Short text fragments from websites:
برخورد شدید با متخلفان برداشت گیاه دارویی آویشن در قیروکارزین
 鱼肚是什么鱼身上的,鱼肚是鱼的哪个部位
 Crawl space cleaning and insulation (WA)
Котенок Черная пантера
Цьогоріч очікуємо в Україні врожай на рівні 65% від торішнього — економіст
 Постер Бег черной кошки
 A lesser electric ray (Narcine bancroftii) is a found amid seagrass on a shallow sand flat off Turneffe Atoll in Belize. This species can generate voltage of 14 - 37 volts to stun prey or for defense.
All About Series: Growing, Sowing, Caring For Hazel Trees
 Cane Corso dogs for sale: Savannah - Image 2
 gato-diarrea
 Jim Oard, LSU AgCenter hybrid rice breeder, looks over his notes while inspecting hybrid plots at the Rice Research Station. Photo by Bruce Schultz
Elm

■ **Task prompt**:
Lines from the one containing "Постер Бег черной кошки" through the end of the data above must be written out exactly, and no other lines are needed.

■ **Expected answer**:
 Постер Бег черной кошки
 A lesser electric ray (Narcine bancroftii) is a found amid seagrass on a shallow sand flat off Turneffe Atoll in Belize. This species can generate voltage of 14 - 37 volts to stun prey or for defense.
All About Series: Growing, Sowing, Caring For Hazel Trees
 Cane Corso dogs for sale: Savannah - Image 2
 gato-diarrea
 Jim Oard, LSU AgCenter hybrid rice breeder, looks over his notes while inspecting hybrid plots at the Rice Research Station. Photo by Bruce Schultz
Elm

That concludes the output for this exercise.